══ Data section ══

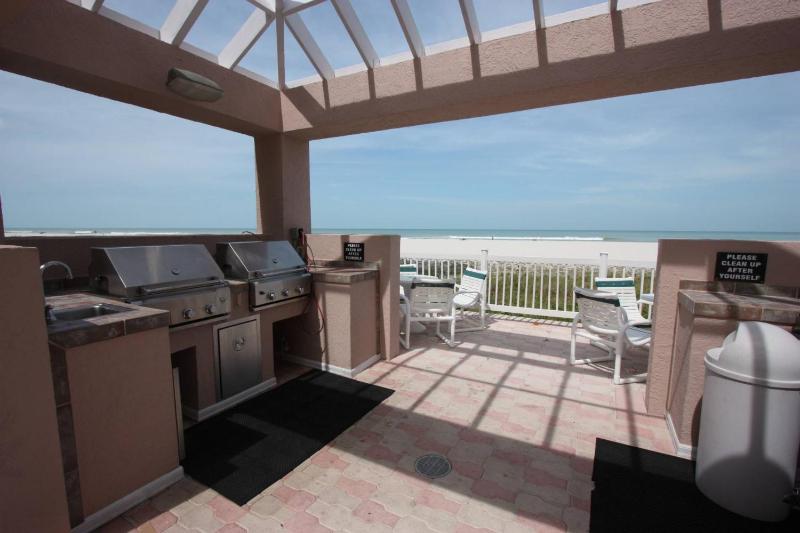 5F Crescent Beach Club - image 9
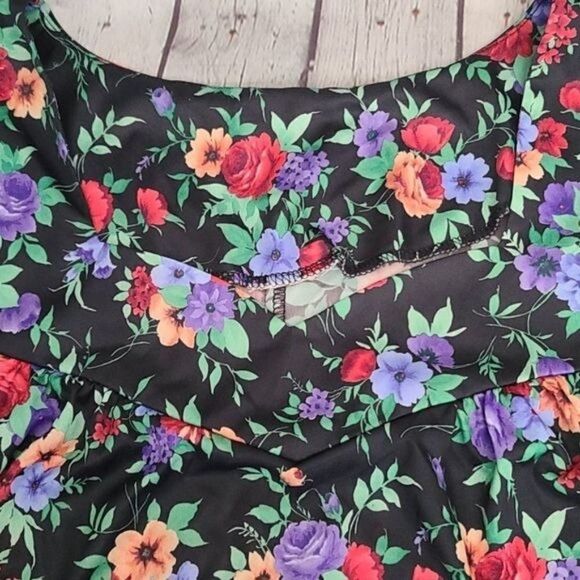 Vintage 70s Black Bright Floral Flowy Tank Top - Picture 5 of 13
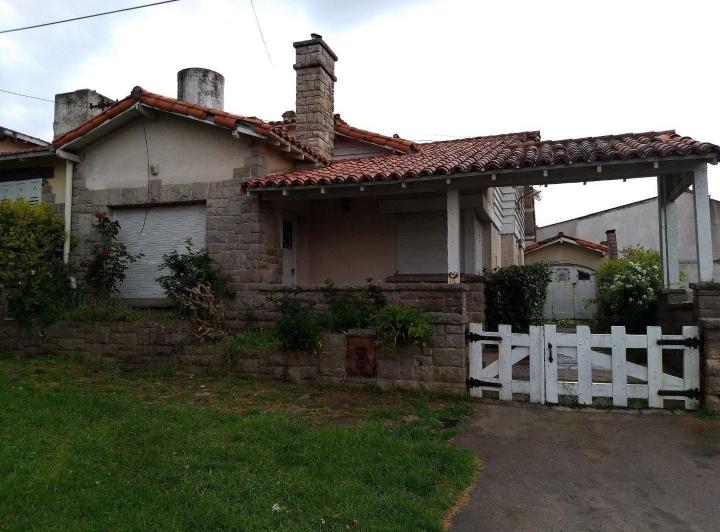 Casa · 233m² · 4 Dormitorios · 1 Cochera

═══

What is expected:
Print the listing again exactly, please. Keep the pictures out of it.

Response area:
 5F Crescent Beach Club - image 9
 Vintage 70s Black Bright Floral Flowy Tank Top - Picture 5 of 13
 Casa · 233m² · 4 Dormitorios · 1 Cochera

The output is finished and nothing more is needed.